The American Legion, Post 14, hosted their 11th annual Patriot Day, and 9/11 service on a sidewalk of Main Street in Bozeman. Dozens gathered to witness the honor guard, hear from local first responders, and pay tribute to the fallen.
Randy Kemp was the Commander of the Honor Guard Saturday morning and noted the veterans supporting first responders.
“We’re veterans, and we’ve all paid the price of being in the military for this country. We love this country, we’re all Americans,” Kemp said, “It’s a great country, and we the American Legion support this country in every way that we can.”
Lining Main Street, 13 American Flags: in honor of the 13 soldiers who recently gave the ultimate sacrifice in Afghanistan.
“We make sure we put up about 92 flags, lining Main Street and some flags at the cemetery and at the Veterans Memorial. It was determined that the right way to honor those who may have given some of the last blood in this conflict to keep us free,” Greg Harbac said.
Harbac is an active member of the American Legion Post 14, and was 25 miles south of the Pentagon when word of that an attack on the Twin Towers occurred.
The sound of taps filled the street, as first responders, their loved ones, the American Legion, and members of the community lowered their hats and heads in remembrance.

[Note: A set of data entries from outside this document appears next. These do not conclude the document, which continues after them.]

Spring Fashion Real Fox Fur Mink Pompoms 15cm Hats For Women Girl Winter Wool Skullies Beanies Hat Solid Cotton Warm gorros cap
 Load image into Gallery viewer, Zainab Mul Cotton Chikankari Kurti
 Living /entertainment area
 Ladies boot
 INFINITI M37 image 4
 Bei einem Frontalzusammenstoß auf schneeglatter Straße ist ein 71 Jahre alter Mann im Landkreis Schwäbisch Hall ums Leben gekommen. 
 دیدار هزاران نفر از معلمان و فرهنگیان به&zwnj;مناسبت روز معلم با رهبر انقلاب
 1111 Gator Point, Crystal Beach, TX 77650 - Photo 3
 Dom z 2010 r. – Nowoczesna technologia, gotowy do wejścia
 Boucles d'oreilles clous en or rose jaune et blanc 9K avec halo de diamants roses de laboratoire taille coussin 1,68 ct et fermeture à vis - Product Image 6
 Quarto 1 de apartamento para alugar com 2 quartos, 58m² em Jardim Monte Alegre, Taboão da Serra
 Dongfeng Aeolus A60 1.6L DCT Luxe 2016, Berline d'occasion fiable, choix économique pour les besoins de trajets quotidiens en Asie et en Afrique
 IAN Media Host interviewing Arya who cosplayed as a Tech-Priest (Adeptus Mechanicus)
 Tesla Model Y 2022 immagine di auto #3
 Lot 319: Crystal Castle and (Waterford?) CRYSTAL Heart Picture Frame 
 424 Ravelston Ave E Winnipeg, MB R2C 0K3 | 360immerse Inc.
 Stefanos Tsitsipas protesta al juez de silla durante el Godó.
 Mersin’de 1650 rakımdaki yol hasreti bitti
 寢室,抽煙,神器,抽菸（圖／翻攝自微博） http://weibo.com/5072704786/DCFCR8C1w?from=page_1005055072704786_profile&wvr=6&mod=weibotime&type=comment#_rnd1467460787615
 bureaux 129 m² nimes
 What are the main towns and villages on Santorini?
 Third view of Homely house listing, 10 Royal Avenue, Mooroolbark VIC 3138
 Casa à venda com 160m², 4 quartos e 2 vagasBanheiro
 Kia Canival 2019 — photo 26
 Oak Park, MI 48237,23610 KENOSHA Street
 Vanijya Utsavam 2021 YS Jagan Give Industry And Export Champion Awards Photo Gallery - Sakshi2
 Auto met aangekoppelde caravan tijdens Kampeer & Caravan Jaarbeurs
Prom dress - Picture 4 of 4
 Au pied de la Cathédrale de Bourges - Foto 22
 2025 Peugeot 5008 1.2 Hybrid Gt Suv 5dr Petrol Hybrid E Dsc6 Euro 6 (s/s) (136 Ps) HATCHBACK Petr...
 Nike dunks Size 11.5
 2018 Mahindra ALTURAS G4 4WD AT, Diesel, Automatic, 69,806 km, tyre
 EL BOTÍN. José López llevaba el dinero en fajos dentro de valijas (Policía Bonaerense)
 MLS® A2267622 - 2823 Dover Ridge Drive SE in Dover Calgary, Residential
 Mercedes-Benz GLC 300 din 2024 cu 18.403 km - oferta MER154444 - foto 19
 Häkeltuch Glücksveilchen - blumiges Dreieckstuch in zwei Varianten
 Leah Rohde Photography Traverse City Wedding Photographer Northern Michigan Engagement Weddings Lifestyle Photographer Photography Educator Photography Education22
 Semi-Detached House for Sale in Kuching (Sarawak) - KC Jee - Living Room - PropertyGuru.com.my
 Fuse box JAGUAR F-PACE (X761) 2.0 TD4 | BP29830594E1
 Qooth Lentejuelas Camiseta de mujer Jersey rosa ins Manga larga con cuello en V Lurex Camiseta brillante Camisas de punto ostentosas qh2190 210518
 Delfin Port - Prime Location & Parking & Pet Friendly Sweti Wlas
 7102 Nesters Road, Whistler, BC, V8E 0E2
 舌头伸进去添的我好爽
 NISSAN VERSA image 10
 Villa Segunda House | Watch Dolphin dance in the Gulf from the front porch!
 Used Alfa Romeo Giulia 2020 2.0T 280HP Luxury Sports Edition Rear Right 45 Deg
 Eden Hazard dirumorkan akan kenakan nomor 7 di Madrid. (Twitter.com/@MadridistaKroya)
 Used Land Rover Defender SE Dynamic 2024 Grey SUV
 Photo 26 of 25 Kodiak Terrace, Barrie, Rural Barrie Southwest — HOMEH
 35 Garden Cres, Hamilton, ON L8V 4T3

“I ended up enlisting in the Air Force after September 11th, 2001: that was my wake-up call to me. I felt like I needed to fight back, I needed to feel like I deserved everything that has been offered me just for being an American,” Troy Downing said.
Troy Downing, Montana State Auditor, elaborates on the dark day of September 11th, but the unity felt throughout the nation on September 12th.
“We were no longer Democrats, Republicans, a certain race or gender, we were Americans,” Downing said.
While members gathered to honor our local responders, members of the Bozeman Fire Department ‘paid’ the honor forward through time and steps.
Three stair climbing machines, all facing one another adorned with an American flag: utilized by members of our Fire Department and community members.
“The firefighters who went into the world trade center, and climbed a lot of steps, most of them probably had an idea that this was going to be an event like none other,” Josh Waldo, Bozeman Fire Chief said.
Beginning at about 8:30 am Saturday morning, and concluding at 1 pm, Gary O’Brien, an Engineer at the Bozeman Fire Department, estimated that the total number of flights ascended will be about 1,000.